Every line from the one containing "Sadly we couldn't" to the end of the records below must be copied exactly, and no pictures may be included.

[Saved data entries]
....

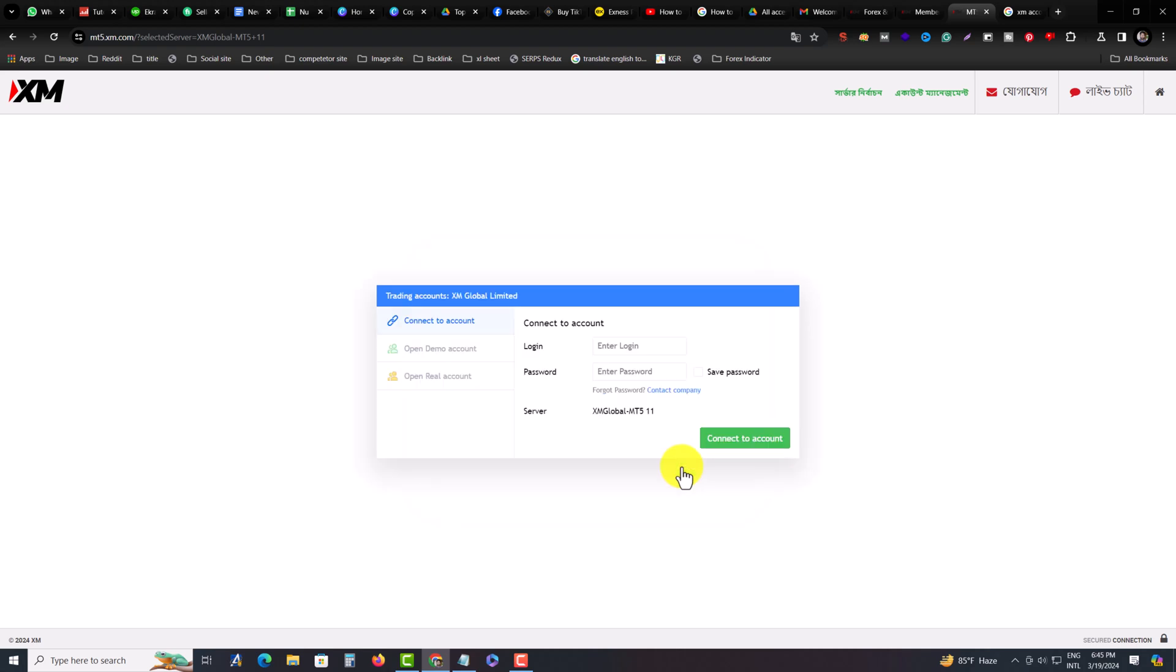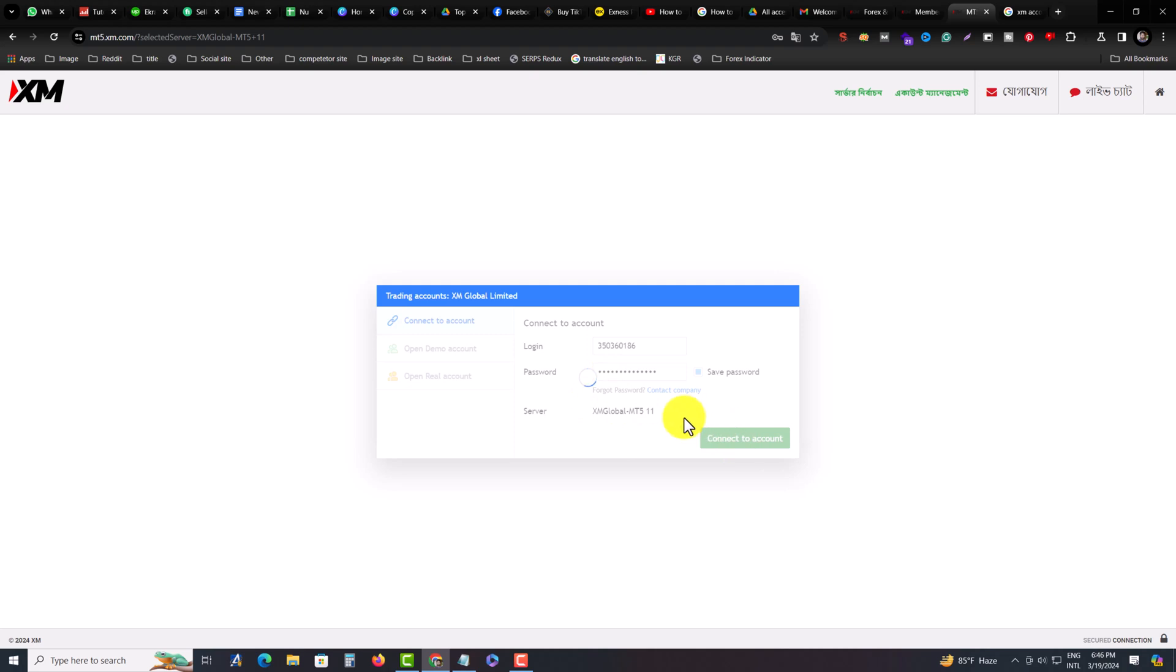You have to press on Accept and enter your account number. Then you have to enter your password. You can save your password. Connect to Account.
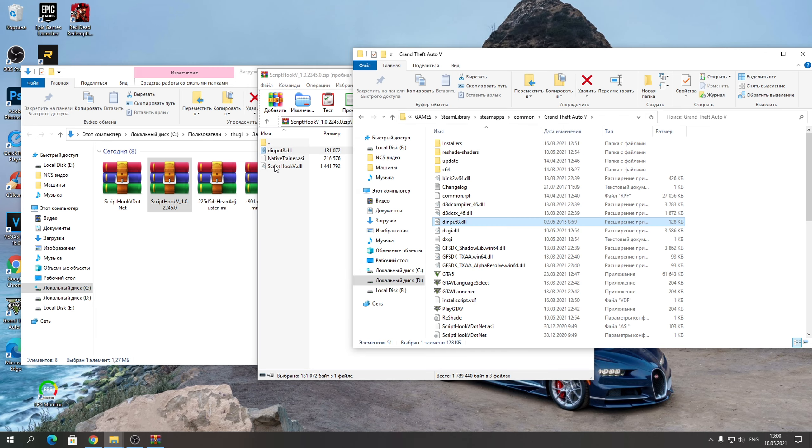Подписывайтесь на канал, чтобы не пропустить другие интересные видео по модам GTA 5.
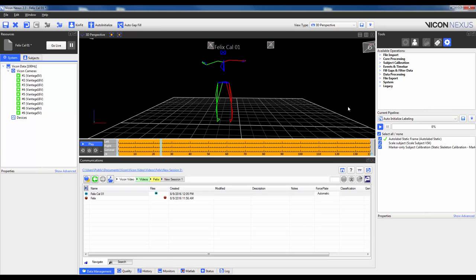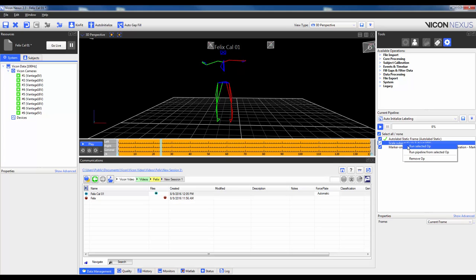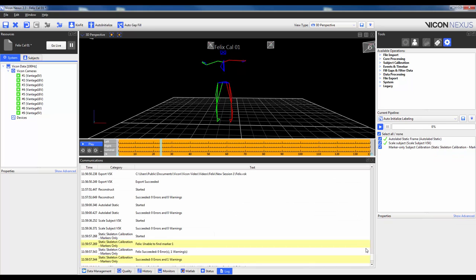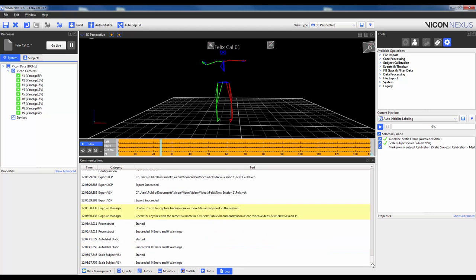The next operation is to scale the subject. This compares the current subject to the generic template and helps to scale the size of the subject using a single value. So I'll right-click and run Selected Op. You won't actually see anything here, but if I go to the log, I can scroll down and you can actually see that it has started and it was successful.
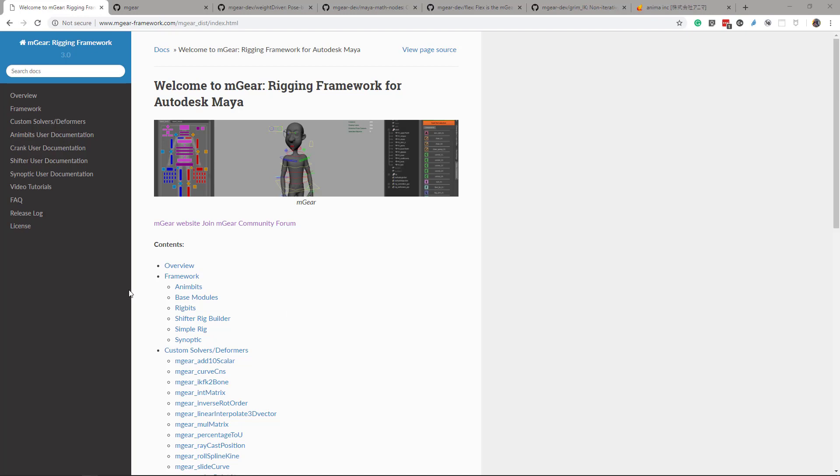Sadly we couldn't make it for this release to have everything documented, but we have more than ever basically. So we have here the documentation and as you can see we have some user documentation here.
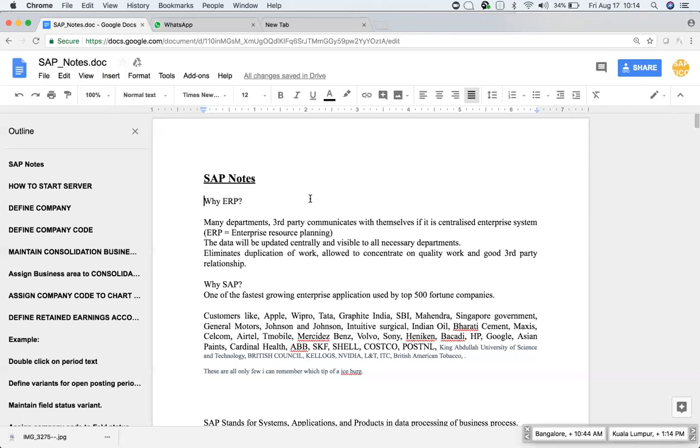So these are all the things in an ERP. All the data will be updated centrally and visible to all necessary departments. And it eliminates duplication of work.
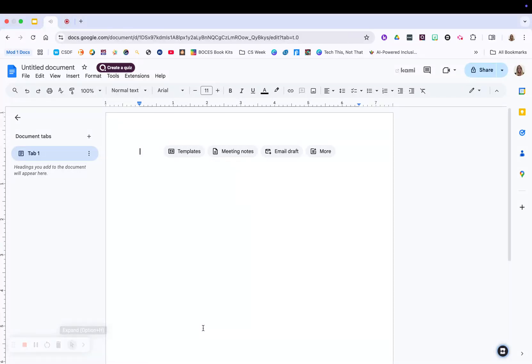Welcome to this video where we're going to take a look at Google Docs. I am here in Google Docs with a blank doc in front of me. We're going to go over some of the basics that you need to know as far as using Google Docs.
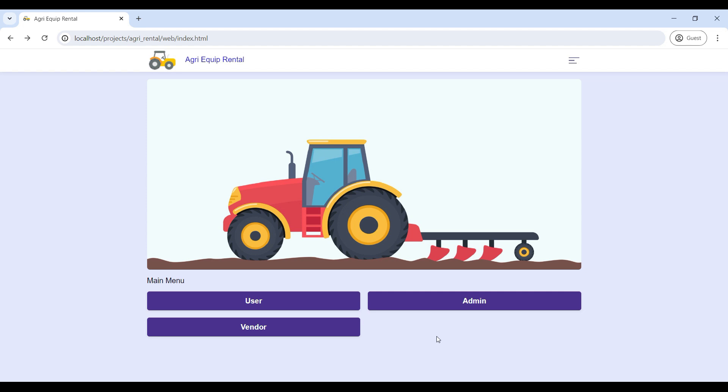Today we are going to see a demo for AgriCube Rental, a PHP web application.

....

Expected answer:
Sadly we couldn't make it for this release to have everything documented, but we have more than ever basically. So we have here the documentation and as you can see we have some user documentation here.
So these are all the things in an ERP. All the data will be updated centrally and visible to all necessary departments. And it eliminates duplication of work.
Welcome to this video where we're going to take a look at Google Docs. I am here in Google Docs with a blank doc in front of me. We're going to go over some of the basics that you need to know as far as using Google Docs.
Today we are going to see a demo for AgriCube Rental, a PHP web application.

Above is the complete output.